ASSIGNED TASK: Set the pictures aside and transcribe exactly the lines from the one containing "Once your graphics" through the final line of the records.

Data items:

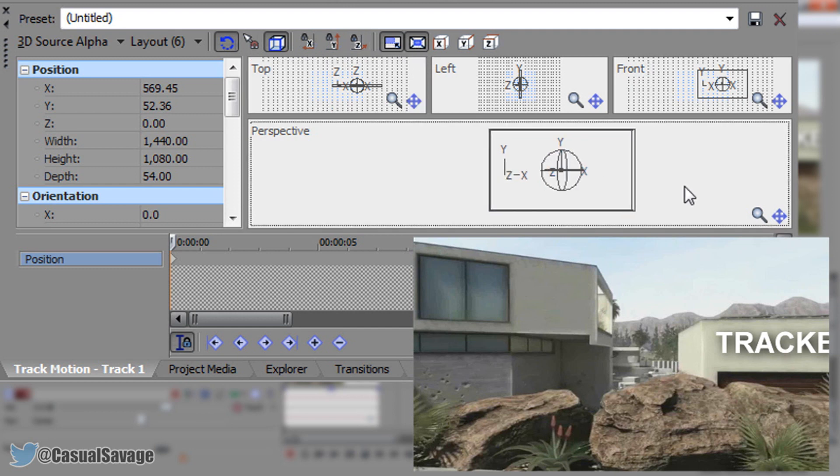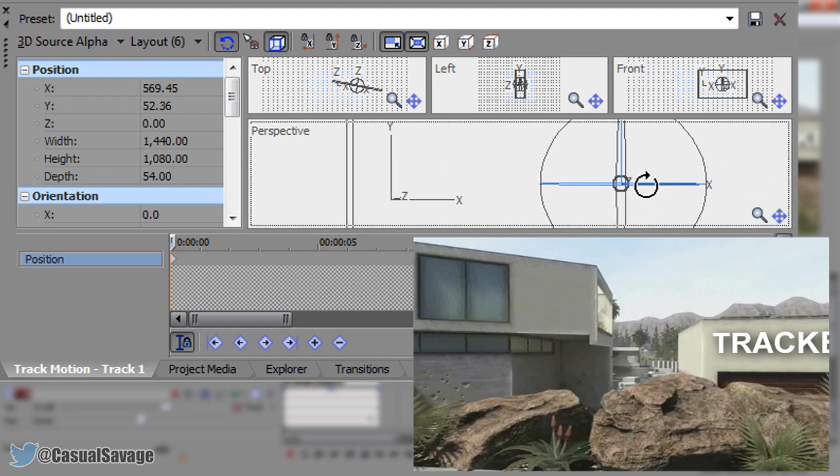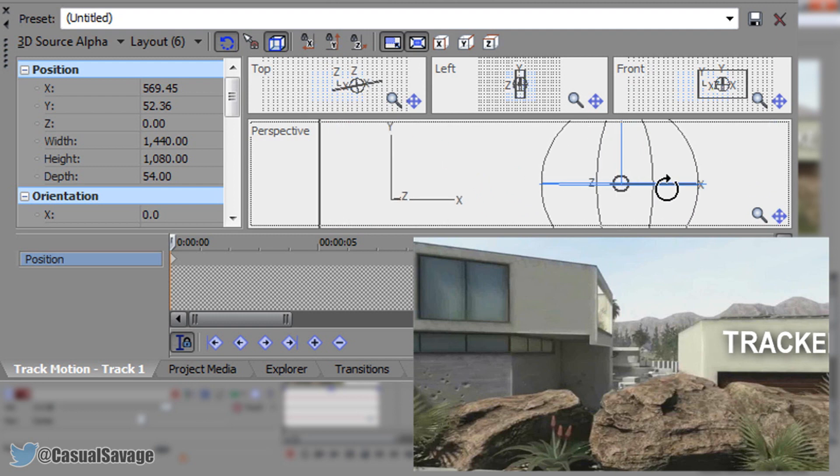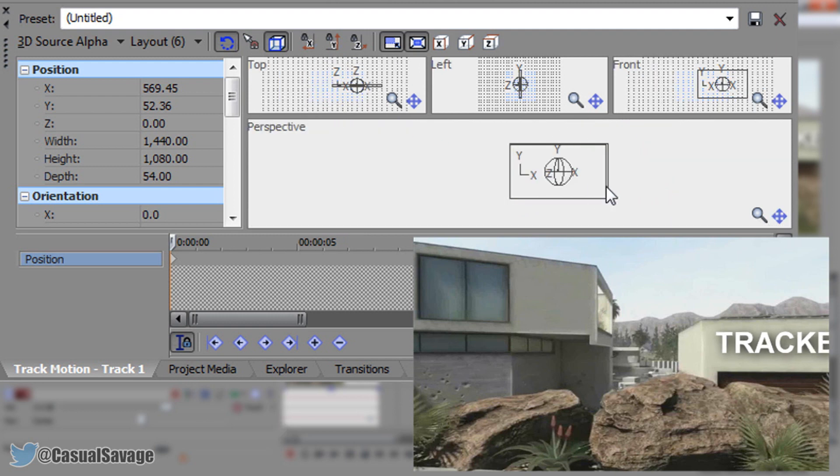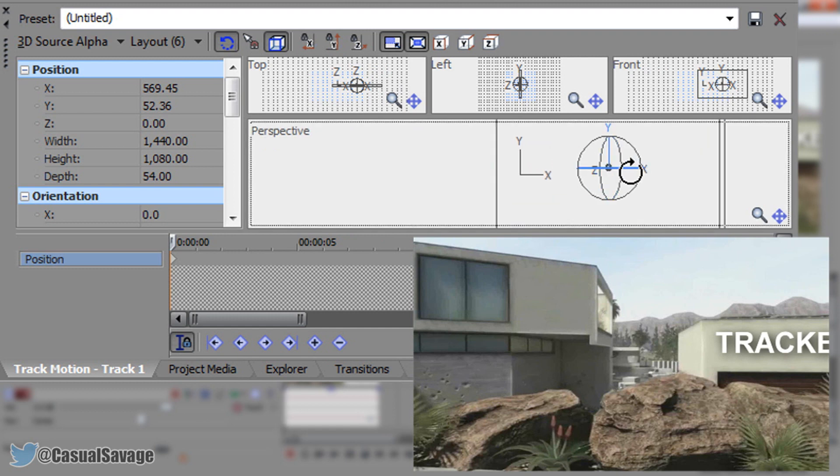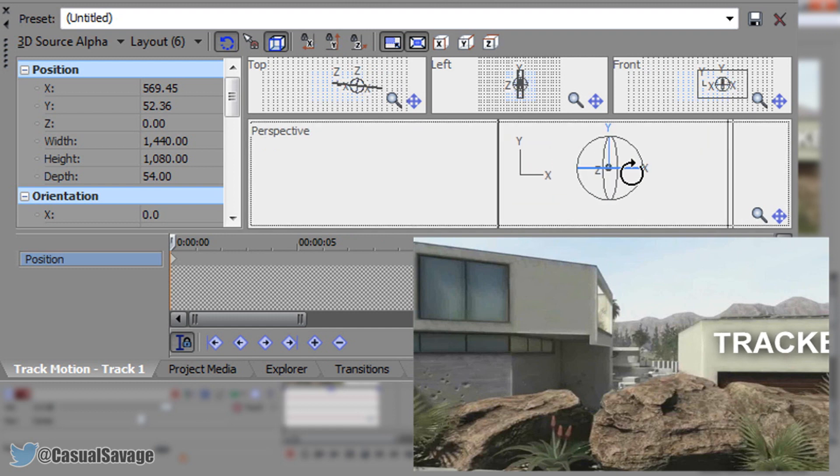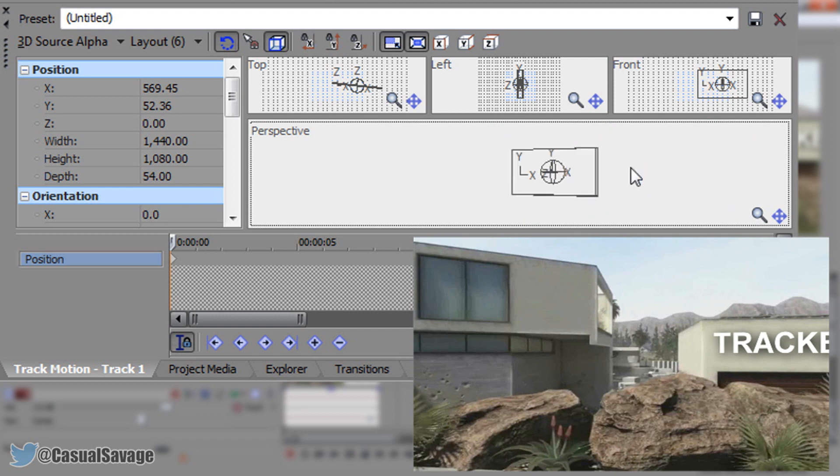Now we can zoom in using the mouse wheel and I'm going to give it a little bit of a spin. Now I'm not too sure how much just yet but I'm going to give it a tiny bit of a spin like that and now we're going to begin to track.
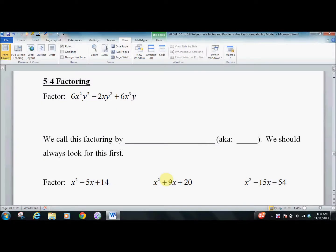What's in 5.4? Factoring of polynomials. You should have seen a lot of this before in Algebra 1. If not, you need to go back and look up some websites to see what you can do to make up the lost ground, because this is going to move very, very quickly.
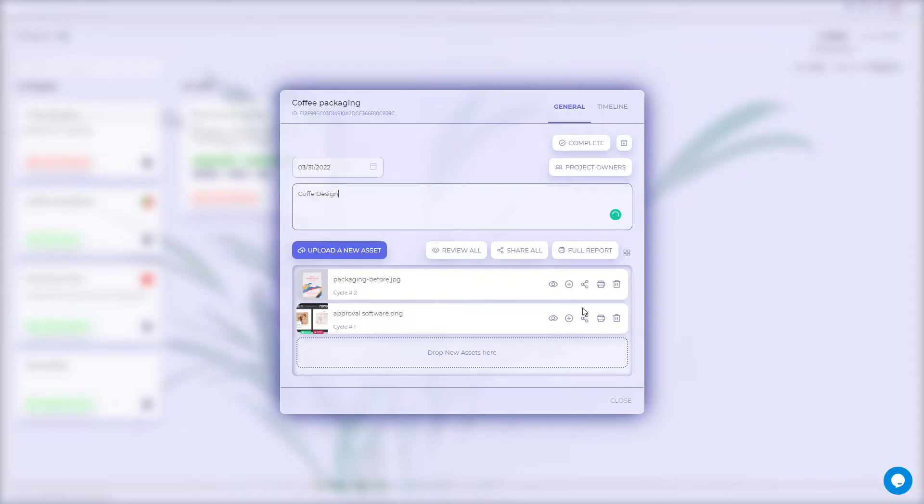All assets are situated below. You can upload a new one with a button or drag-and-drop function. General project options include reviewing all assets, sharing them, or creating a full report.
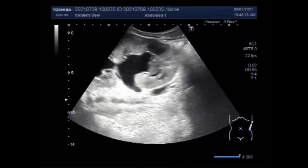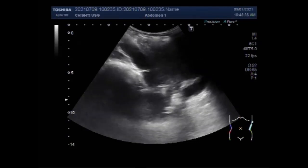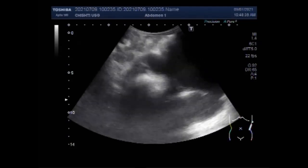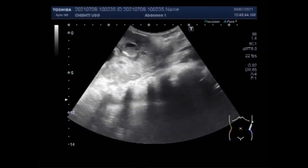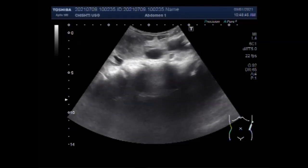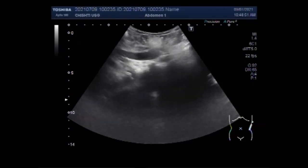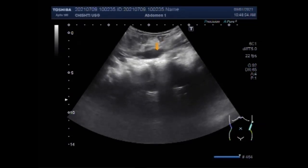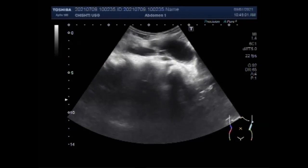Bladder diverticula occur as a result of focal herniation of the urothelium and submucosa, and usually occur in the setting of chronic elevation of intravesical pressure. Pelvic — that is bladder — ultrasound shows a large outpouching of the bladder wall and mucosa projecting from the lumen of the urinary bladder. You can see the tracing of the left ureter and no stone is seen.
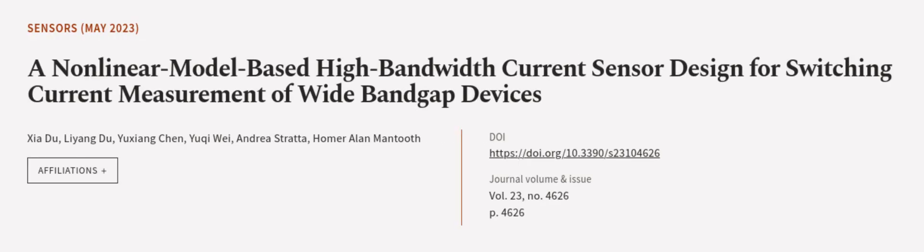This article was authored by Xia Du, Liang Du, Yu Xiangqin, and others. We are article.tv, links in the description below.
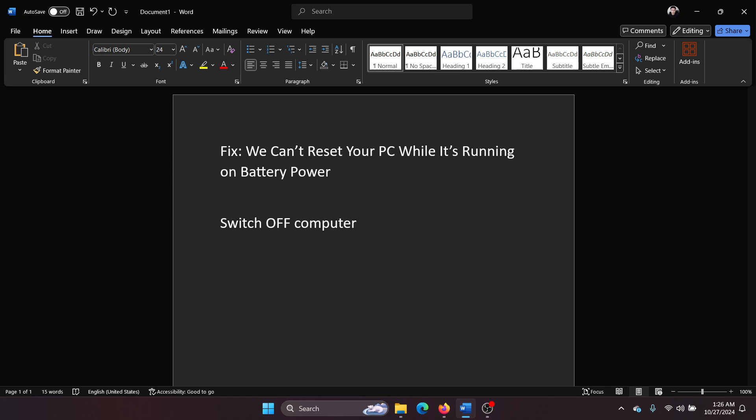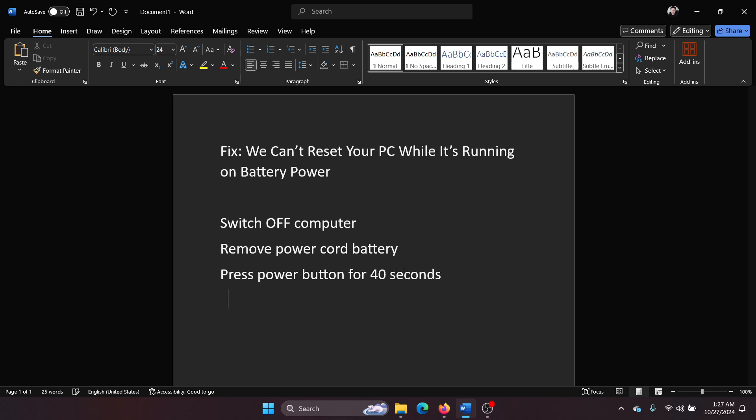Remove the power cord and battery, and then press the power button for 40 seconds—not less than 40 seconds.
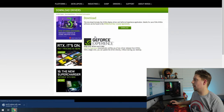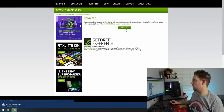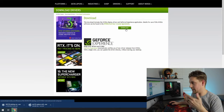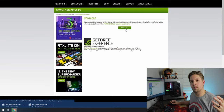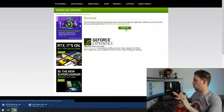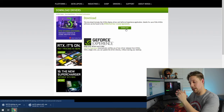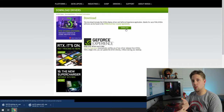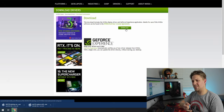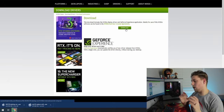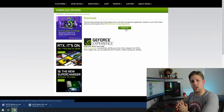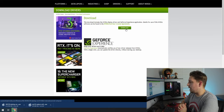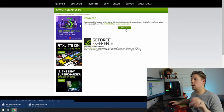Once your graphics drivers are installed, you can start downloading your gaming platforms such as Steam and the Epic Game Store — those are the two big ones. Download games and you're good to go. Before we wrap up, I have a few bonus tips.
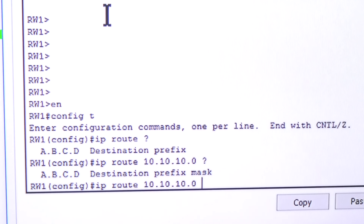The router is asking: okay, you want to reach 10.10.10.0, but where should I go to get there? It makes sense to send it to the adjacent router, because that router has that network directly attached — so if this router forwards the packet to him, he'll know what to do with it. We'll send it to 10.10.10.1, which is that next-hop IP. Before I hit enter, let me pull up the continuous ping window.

SOLUTION TO THE PROBLEM:
Once your graphics drivers are installed, you can start downloading your gaming platforms such as Steam and the Epic Game Store — those are the two big ones. Download games and you're good to go. Before we wrap up, I have a few bonus tips.
The router is asking: okay, you want to reach 10.10.10.0, but where should I go to get there? It makes sense to send it to the adjacent router, because that router has that network directly attached — so if this router forwards the packet to him, he'll know what to do with it. We'll send it to 10.10.10.1, which is that next-hop IP. Before I hit enter, let me pull up the continuous ping window.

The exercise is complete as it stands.